The LC Magna suits a wide range of manufacturing applications, offering significant print speed, build volume and cost advantages. Merit 3D also knew that the high-quality prints produced by the LC Magna would significantly reduce the time spent on final finishing thereby further reducing cost and increasing speed to market.
Photocentric’s Studio software and 4D-additive was also used to incorporate the supports required for printing into the actual design of the cases. Depending on the size of the finished product, a single Magna platform could accommodate up to 52 cases. Following a simple workflow within its manufacturing facility, the completion time for each of the orders ranged from 1 to 2 days. The new solution allowed thousands of dollars in equipment costs to be saved on creating a moulding, and times to create a new case model design has also been slashed from 1-2 months to just two weeks. Thanks to the AM solution, a previous minimum order of 2000 units (in order to be viable) was also completely removed.
1,000,000 3D Printed Part Order For Adhesives Technology
Merit3D, a leading additive manufacturing company, is producing 1,000,000 hangers for Adhesives Technology using 3D printing technology. The hangers are required for every project Adhesives’ undertakes, but the production process was halted due to the unavailability of the injection mold tool.
Merit3D’s solution helped Adhesives Technology eliminate the extra cost and wait time for delivery of a new tool and bring manufacturing back to the USA.
The challenge – Access to injection mould tool
Adhesives Technology faced challenges due to world events preventing access to their injection mold tool. The tool was required to produce hangers to keep their epoxy cartridges and mixing nozzles together. The production process was halted, and laying down another tool would have taken too long, making 3D printing the only viable option. However, 3D printing the hangers would typically be prohibitively expensive.
Solution – LC Magna
Merit3D offered a solution to the challenge by modifying the molding design and optimizing it for additive manufacturing. Specifically, the company optimized the design for Photocentric’s Liquid Crystal Magna printers. Merit3D’s iterative redesign process took a total of two weeks, resulting in a design that could be 3D printed efficiently and cost-effectively.
Merit3D used 20 printers to produce the hangers, with 400 hangers per platform, taking 225 minutes per platform. The material used was Ultracur3D® EPD1006 from Photocentric and BASF ForwardAM, which provided the ideal properties and passed the brutal durability test.
Eliminating costly injection mould tool
Merit3D’s additive manufacturing solution enabled Adhesives Technology to continue working with the order of 1,000,000 hangers, eliminating the need for a costly injection mold tool.

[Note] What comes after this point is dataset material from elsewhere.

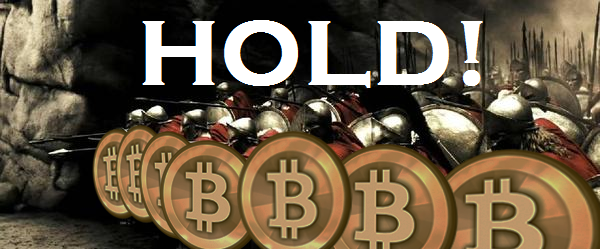 imtoken怎么读音语音,imtoken怎么提现人民币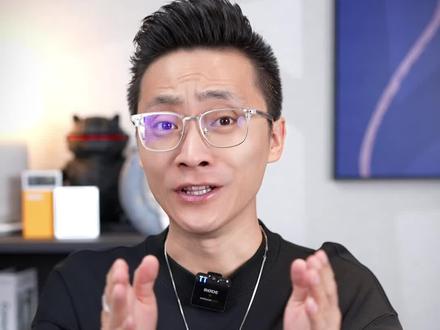 家里有倔强老人的看过来,华为WATCH 4 华为WATCH D血压表在家也能一键微体检#华为WATCH #戴表戴健康#给爸妈做个微体检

The company’s solution also allowed for customizations and multiple design iterations to optimize the hangers for their specific use. The use of additive manufacturing technology also reduced waste and lowered the carbon footprint.
Photocentric’s Liquid Crystal Magna printers proved ideal for volume manufacturing due to their large format, high surface finish, fast production, cost-effective and functional resins, and low energy consumption.
Merit3D’s successful production on the order of 1,000,000 hangers using additive manufacturing technology demonstrates the potential of this technology for large-scale production. By optimizing the design for 3D printing and utilizing Photocentric’s Liquid Crystal Magna printers, the company is able to produce the hangers efficiently and cost-effectively.